Museum Space – the Museum

A museum is a built-for-purpose institution that showcases the riches of the country – and tells its story, through the display of objects. It is an artificial space, constructed, curated – a nodal point of State ideology.

In a Museum, ancient objects are displayed in order to justify a current state of affairs. The Museum is a device that uses the past for the purpose of the present, weaving them together in an articulated narrative, through the organisation of its rooms and labelling system. Old writing on bones, in other words, authorises the powers that be.

Navigating a Chinese museum, I have to learn a new museography. Art is not organised by period, but by medium: painting, calligraphy, bronze, jade, porcelain, fabric. Somewhere on the side, there will be Buddhist artifacts. And a separate section, as big if not bigger, will explain history, with objects in glass cabinets, wall frescoes and lifesize reconstructions of crucial events.

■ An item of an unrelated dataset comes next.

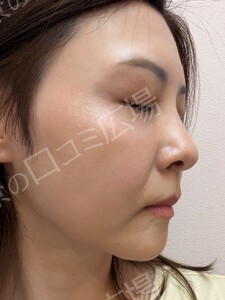 治療直後の症例写真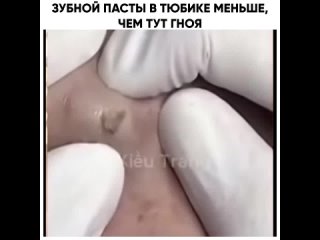 video зубной пасты в тюбике меньше чем тут гноя sex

Exploring the painting section of a Chinese Museum is an exercise in modesty. You do realise how I little you know. You realise how local your art history knowledge is. The linear development I learnt at school – perspective in the Renaissance, impressionism bringing perception and light into painting, leading to the triumph of abstraction in the 20th Century – is irrelevant here. In the Tianjin Museum, I spent a long time looking at a very long, beautiful landscape by Zhu Da, amazed by the abstraction of his style.

I thought he would be somehow contemporary with Impressionm. I was shocked to realize that he painted in the 17th century. As Niklas explained, he was a brdige from the Ming to the Qing dynasty, painting in that period of great historical turmoil for China. Maybe these abstract landscape were a form of escape; or maybe the conflict of white, and dark, and the various shades of grey, somehow mimetically symbolize a transition from old to new, and the seeping influence of the Ming over the Qing, of the Han over the Manchu?

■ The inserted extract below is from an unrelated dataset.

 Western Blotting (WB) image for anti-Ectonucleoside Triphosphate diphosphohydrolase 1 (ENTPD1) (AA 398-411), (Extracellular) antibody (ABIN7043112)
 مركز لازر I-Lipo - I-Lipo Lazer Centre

The evolution of Chinese aesthetics over time is different from ours. Discovering Zhu Da at 33 made me realise how ignorant I had been. I also realised it when looking at a half-disappearing picture of a child from the Song period, dated around 1000.

It was eerily realistic, and signifying one of these happy, prosperous periods of artistic history (often the apex of a culture), where people care about simple scenes – like the late Roman empire, 17th century Holland, or 18th century France. But then, maybe China’s painting, or one branch of it, is particularly looking at reproducing the simplicity of natural life.

The most interesting section in a Chinese Museum, for those analytic intellectual brains like mine, if of course history, where ideology comes closer to the surface. The Capital Museum in Beijing is a good example of how China now positions itself as an equal partner in global history. In the semi-darkness of the ‘culture of old Beijing’ section, I looked at the chronology running along the wall, and had a real experience of displacement when I saw the picture of Confucius alongside Egyptian papyrus. Through the powers of curation, both were, somehow, made to be part of the same mental space. Part of the same narrative.

There it was, world history read from a Chinese perspective. It is part of the rise of China as a new global power, to appropriate Ancient History – all of it. Who knows, maybe the Italian and Greek economic crises could be solved by selling off some Antiquities to the Chinese government – and let them claim our Mediterranean past as part of their own history? Which, after all, in a globalising world, is no longer separate from ours.